Mrs. Bunch gives her a tentative smile. “Well. If you ever need an extension on an assignment or some extra credit, I’m here. And you can always ask me for a pass to the guidance counselor’s office too. Whatever I can do to help.” 

“Thanks,” Zoe murmurs. 

She walks into the band room cautiously. Kids are getting ready for class. There’s fluttering sheet music, kids overzealously sucking on reeds for their instruments. Zoe smiles a bit. She's missed the flurry of the moments before practice began. 

She heads to the storage locker where she kept her guitar during the week. Zoe realizes she’s lucky she remembers the combination; she’d be stuck asking for help otherwise. She uses the numbers for passwords all the time now. 

Her guitar in hand, Zoe heads into the classroom. Plugs the electric guitar into the amplifier, turning the volume down low. She strums experimentally. 

It’s been so long. Her fingers feel unsure pressing against the frets. Can she even still play? She gave it up entirely after she quit jazz band. It’s been almost fifteen years. 
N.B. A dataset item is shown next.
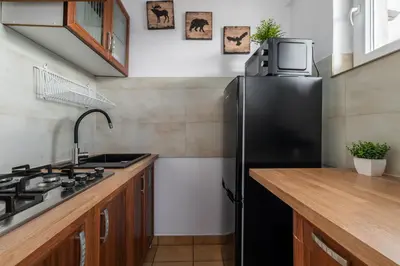 Kuchnia lub aneks kuchenny w obiekcie RentPlanet - Studio Kazimierza Wielkiego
Mercifully her younger fingers still know their way across the strings. She warms up a little, glancing over the sheet music, trying to remember. 

She knows she struggled with this song the chord progression was more complicated than she was accustomed to, but the band teacher seemed sure she could handle it. 

Mr. Rojas sweeps into the room in his very typical fashion, dramatic and vaguely wizard-like with his long hair and beard. He held his conductor's baton like a magic wand. She used to joke with her friend Keith, who played bass, that he ought to wear robes like Dumbledore in Harry Potter to match his long silvery hair and overall weirdness. 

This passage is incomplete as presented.